Utilizing Inherent Bias for Memory Efficient Continual Learning: A Simple and Robust Baseline

Abstract

Learning from continuously evolving data is critical in real-world applications. This type of learning, known as Continual Learning (CL), aims to assimilate new information without compromising performance on prior knowledge. However, learning new information leads to a bias in the network towards recent observations, resulting in a phenomenon known as catastrophic forgetting. The complexity increases in Online Continual Learning (OCL) scenarios where models are allowed only a single pass over data. Existing OCL approaches that rely on replaying exemplar sets are not only memory-intensive when it comes to large-scale datasets but also raise security concerns. While recent dynamic network models address memory concerns, they often present computationally demanding, over-parameterized solutions with limited generalizability.
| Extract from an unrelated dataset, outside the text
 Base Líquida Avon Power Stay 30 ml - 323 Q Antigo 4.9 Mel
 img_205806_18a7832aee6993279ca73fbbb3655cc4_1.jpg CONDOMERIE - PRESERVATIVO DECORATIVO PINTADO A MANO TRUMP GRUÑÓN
To address this longstanding problem, we propose a novel OCL approach termed “Bias Robust online Continual Learning (BRCL).” BRCL retains all intermediate models generated. These models inherently exhibit a preference for recently learned classes. To leverage this property for enhanced performance, we devise a strategy we describe as ‘utilizing bias to counteract bias.’ This method involves the development of an Inference function that capitalizes on the inherent biases of each model towards the recent tasks. Furthermore, we integrate a model consolidation technique that aligns the first layers of these models, particularly focusing on similar feature representations. This process effectively reduces the memory requirement, ensuring a low memory footprint. Despite the simplicity of the methodology to guarantee expandability to various frameworks, extensive experiments reveal a notable performance edge over leading methods on key benchmarks, getting continual learning closer to matching offline training. (Source code will be made publicly available upon the publication of this paper.)